◆ Instructions to follow ◆
The count of lines below that include the string "Tummy" is the whole answer; write it alone.

******************************

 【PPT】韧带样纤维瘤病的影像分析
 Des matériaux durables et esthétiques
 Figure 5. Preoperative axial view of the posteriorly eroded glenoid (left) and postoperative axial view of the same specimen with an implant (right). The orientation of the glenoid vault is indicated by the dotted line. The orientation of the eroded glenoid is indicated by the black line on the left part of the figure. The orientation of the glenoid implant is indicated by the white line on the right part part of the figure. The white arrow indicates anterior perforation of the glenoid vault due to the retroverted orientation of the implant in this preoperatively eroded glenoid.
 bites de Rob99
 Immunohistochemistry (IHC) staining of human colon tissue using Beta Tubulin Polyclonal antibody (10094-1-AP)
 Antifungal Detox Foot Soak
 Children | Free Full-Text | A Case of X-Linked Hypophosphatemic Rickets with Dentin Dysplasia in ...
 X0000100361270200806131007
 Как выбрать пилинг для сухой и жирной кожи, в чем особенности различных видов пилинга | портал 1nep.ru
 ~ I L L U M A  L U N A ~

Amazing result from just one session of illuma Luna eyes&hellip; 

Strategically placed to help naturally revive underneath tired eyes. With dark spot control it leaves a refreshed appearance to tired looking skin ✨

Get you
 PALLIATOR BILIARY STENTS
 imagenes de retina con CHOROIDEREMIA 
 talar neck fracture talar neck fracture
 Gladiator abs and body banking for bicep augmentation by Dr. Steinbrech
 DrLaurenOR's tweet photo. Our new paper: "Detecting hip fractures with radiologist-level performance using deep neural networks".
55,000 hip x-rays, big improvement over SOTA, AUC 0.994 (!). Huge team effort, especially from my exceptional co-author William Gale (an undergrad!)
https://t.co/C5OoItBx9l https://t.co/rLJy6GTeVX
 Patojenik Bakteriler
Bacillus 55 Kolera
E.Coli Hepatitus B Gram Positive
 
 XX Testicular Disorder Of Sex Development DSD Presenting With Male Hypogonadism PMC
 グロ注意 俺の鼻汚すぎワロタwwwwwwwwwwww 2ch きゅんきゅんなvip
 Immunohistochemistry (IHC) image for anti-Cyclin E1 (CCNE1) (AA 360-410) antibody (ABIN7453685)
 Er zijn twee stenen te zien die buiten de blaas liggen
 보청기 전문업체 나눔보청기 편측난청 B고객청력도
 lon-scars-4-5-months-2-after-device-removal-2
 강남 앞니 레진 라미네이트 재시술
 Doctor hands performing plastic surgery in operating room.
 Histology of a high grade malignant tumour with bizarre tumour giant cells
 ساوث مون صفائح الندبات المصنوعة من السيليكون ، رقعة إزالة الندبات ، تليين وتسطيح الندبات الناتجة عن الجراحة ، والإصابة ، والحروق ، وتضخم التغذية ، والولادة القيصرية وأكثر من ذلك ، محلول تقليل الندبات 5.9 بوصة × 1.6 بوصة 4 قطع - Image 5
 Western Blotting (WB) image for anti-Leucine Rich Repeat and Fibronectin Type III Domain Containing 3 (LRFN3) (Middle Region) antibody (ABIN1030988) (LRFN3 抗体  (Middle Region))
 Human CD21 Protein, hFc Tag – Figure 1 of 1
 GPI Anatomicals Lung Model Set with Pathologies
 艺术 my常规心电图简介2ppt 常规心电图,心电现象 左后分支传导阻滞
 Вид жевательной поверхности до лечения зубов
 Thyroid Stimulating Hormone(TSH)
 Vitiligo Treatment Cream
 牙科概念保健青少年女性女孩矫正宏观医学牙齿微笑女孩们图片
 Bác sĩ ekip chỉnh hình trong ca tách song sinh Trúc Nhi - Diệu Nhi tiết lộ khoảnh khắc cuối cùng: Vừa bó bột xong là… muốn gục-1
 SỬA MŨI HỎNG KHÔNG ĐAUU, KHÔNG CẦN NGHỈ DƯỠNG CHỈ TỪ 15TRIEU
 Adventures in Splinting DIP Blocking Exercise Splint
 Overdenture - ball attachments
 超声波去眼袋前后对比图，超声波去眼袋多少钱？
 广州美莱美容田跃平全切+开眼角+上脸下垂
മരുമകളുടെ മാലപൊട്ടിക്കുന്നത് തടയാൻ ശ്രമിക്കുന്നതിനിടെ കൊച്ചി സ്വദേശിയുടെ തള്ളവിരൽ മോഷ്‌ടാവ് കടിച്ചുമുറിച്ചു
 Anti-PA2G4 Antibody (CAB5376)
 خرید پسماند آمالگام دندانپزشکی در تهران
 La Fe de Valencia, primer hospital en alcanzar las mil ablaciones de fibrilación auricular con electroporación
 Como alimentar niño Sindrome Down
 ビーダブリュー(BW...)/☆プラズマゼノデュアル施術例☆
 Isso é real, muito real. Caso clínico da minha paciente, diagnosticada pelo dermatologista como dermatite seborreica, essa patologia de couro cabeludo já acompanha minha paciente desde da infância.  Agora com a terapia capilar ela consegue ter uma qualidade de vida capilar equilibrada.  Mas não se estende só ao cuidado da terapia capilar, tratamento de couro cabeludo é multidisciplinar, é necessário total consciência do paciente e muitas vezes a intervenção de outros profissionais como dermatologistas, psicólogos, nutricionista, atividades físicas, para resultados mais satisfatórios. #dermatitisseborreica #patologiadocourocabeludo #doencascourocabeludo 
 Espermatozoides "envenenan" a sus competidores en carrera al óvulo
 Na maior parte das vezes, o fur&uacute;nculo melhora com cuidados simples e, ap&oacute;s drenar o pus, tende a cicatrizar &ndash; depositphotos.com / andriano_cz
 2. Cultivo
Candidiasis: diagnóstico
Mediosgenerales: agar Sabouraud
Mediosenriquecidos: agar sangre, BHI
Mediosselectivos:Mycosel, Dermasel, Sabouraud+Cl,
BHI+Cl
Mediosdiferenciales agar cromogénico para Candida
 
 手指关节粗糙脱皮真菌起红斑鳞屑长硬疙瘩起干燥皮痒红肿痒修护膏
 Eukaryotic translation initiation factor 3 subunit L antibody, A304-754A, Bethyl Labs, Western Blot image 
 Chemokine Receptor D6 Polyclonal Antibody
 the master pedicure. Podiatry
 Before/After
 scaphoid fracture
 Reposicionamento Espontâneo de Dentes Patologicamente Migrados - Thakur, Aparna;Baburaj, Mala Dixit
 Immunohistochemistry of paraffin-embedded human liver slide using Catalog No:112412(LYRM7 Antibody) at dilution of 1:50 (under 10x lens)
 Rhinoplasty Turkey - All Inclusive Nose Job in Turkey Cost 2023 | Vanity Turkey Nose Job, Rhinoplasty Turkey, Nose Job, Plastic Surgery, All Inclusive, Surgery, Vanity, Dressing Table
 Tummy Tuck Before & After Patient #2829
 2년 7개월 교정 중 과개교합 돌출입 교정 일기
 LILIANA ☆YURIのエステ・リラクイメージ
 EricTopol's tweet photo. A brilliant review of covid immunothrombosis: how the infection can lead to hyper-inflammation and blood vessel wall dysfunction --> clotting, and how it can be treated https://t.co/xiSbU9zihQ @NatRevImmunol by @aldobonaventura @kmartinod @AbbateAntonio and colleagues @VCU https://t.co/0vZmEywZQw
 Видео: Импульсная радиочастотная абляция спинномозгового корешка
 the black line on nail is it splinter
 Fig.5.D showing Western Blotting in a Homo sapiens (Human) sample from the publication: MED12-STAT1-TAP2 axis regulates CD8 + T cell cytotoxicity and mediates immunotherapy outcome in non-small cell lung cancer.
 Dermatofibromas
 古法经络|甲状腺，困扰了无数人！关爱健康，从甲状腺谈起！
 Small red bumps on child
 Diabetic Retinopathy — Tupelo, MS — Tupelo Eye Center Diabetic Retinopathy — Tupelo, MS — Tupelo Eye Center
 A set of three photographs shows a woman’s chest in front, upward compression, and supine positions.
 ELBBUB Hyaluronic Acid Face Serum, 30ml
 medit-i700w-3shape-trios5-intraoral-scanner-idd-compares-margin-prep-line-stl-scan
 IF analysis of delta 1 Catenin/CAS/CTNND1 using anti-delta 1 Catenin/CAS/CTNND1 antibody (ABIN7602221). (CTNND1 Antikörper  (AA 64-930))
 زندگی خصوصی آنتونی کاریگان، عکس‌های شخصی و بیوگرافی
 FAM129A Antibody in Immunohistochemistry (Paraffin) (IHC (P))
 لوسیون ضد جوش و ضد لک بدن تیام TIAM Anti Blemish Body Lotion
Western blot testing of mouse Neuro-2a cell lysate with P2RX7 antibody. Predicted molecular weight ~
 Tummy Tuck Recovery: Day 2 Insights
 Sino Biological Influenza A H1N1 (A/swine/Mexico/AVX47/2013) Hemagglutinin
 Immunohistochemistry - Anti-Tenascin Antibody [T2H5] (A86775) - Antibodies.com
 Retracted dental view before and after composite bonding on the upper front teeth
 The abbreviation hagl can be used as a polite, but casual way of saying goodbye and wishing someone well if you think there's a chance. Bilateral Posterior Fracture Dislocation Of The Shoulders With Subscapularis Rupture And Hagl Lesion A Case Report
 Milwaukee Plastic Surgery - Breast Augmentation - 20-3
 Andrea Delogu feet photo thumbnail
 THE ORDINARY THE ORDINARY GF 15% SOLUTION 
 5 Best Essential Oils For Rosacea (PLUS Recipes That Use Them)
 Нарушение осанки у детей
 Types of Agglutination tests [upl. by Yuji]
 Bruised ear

******************************

◆ Result for this task ◆
2